Sussurrò il giovane sottovoce mentre tutti lo guardavano intensamente, in silenzio, ma ognuno con gli occhi pieni di gioia.

Il babbo Sean, intanto, si fece avanti di soppiatto per riabbracciare il figliolo appena uscito dal coma. Si fece largo tra la folla e, improvvisamente, raggiunta la prima linea, balzò in avanti verso il letto del figlio esclamando: “Cucù!”. Glettermoon ebbe un ulteriore, violento sussulto e per la paura morì. Il padre, questa volta, non resistette al dolore e morì anche lui qualche minuto dopo insieme a sua moglie, la madre di Glettermoon.

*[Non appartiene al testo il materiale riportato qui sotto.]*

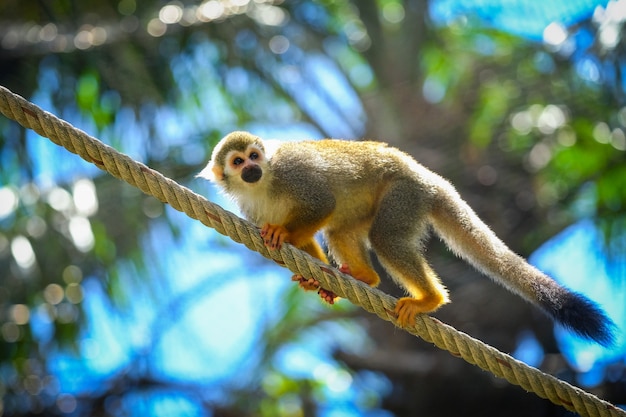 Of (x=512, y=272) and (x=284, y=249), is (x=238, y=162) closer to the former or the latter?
(x=284, y=249)

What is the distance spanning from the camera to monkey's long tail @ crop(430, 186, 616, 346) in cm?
404

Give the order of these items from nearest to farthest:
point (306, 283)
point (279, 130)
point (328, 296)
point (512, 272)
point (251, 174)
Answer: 1. point (512, 272)
2. point (306, 283)
3. point (328, 296)
4. point (251, 174)
5. point (279, 130)

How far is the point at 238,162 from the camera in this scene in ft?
16.8

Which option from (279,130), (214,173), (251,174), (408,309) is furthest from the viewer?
(279,130)

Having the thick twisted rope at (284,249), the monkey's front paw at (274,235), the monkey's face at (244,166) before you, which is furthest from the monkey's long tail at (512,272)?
the monkey's face at (244,166)

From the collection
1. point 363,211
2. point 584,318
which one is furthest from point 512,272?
point 363,211

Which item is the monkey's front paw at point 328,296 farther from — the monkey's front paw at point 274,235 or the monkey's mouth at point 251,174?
the monkey's mouth at point 251,174

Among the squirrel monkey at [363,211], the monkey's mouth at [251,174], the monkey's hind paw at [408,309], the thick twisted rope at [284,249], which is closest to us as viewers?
the thick twisted rope at [284,249]

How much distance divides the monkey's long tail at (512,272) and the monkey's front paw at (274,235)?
45.0 inches

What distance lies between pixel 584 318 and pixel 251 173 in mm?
2332

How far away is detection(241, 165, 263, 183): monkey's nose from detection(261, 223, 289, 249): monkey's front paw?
608 millimetres

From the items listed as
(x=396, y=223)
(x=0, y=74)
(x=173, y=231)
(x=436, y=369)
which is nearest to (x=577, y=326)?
(x=396, y=223)

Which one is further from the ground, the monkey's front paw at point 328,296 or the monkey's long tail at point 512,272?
the monkey's long tail at point 512,272

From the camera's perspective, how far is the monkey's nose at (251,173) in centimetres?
493
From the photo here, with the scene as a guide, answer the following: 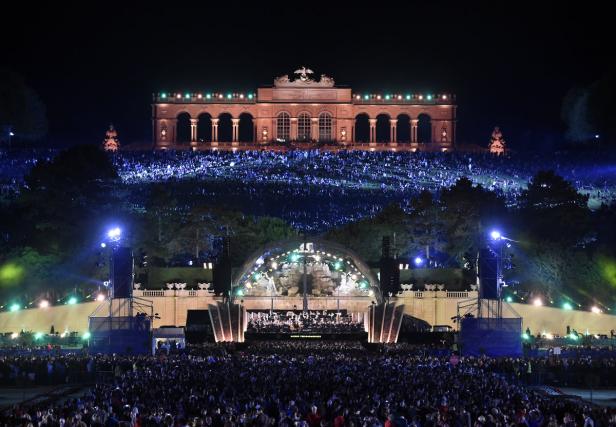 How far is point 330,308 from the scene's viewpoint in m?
73.2

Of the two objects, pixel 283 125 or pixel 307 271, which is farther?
pixel 283 125

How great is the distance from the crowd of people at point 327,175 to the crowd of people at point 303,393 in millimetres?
51343

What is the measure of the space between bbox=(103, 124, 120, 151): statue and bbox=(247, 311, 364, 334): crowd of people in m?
67.0

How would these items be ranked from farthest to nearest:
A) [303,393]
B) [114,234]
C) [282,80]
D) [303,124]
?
[282,80], [303,124], [114,234], [303,393]

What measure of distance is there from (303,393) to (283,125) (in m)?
119

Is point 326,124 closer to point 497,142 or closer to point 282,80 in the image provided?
point 282,80

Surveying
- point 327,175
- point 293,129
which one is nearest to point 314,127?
point 293,129

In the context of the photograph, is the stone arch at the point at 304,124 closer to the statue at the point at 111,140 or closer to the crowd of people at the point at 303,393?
the statue at the point at 111,140

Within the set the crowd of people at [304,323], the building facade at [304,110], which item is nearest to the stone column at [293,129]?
the building facade at [304,110]

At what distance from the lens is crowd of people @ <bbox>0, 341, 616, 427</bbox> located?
2834 centimetres

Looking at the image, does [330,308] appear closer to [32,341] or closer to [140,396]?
[32,341]

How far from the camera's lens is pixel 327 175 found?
113m

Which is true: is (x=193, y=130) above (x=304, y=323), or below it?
above

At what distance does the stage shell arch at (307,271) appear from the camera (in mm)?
73250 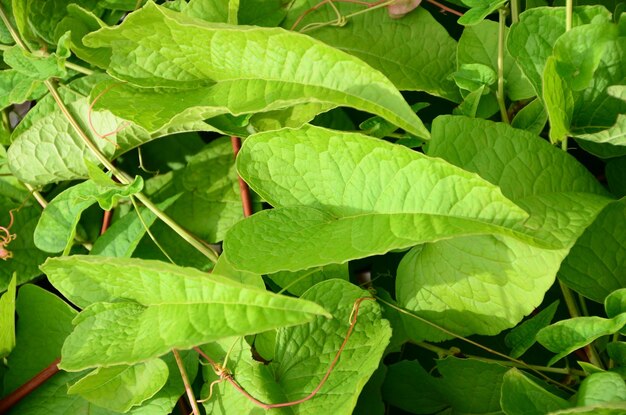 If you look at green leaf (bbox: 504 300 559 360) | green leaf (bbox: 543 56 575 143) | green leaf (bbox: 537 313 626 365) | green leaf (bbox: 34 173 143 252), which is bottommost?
green leaf (bbox: 504 300 559 360)

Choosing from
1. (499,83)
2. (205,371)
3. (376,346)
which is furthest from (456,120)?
(205,371)

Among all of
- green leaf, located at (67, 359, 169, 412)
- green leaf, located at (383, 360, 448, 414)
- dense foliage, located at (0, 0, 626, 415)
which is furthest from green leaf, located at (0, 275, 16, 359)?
green leaf, located at (383, 360, 448, 414)

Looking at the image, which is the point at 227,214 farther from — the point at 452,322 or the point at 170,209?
the point at 452,322

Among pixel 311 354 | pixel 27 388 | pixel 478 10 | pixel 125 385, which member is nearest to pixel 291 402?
pixel 311 354

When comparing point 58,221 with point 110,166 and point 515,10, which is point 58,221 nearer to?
point 110,166

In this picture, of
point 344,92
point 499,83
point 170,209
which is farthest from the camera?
point 170,209

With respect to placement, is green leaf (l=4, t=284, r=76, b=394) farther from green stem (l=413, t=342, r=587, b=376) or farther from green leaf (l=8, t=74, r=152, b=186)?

Morirono in moltissimi quel giorno. Il dolore per la scomparsa del ragazzo fu devastante. In pochissimi minuti persero la vita trecentottantanove persone e il cane del sindaco. Robert Tedford, intanto, convinto che quella disgrazia scaturisse della potenza del malocchio, tentò di esorcizzare affidandosi al rito che aveva pocanzi appreso dal povero defunto Sean e che aveva frettolosamente trascritto su una paginetta di appunti.Tuttavia, senza alcun risultato. Fu la fine. Al grande funerale c’erano più morti che vivi e quel grandissimo dolore si diffuse come la peste. Uno dopo l’altro, durante il funerale, morirono tutti… a Mir, la città dei morti...

Segue, appena leggibile, la scrittura di seguito riportata:

 … Dopo tre giorni, secondo le profezie, Glettermoon resuscitò ma, purtroppo, non trovò nessuno a cantarne la gloria. Tutt’intorno si era generato un consistente, sgradevole tappeto di capelli. Solo capelli, dappertutto, che continuarono a cadere dal cielo per altri quattro giorni e quattro notti.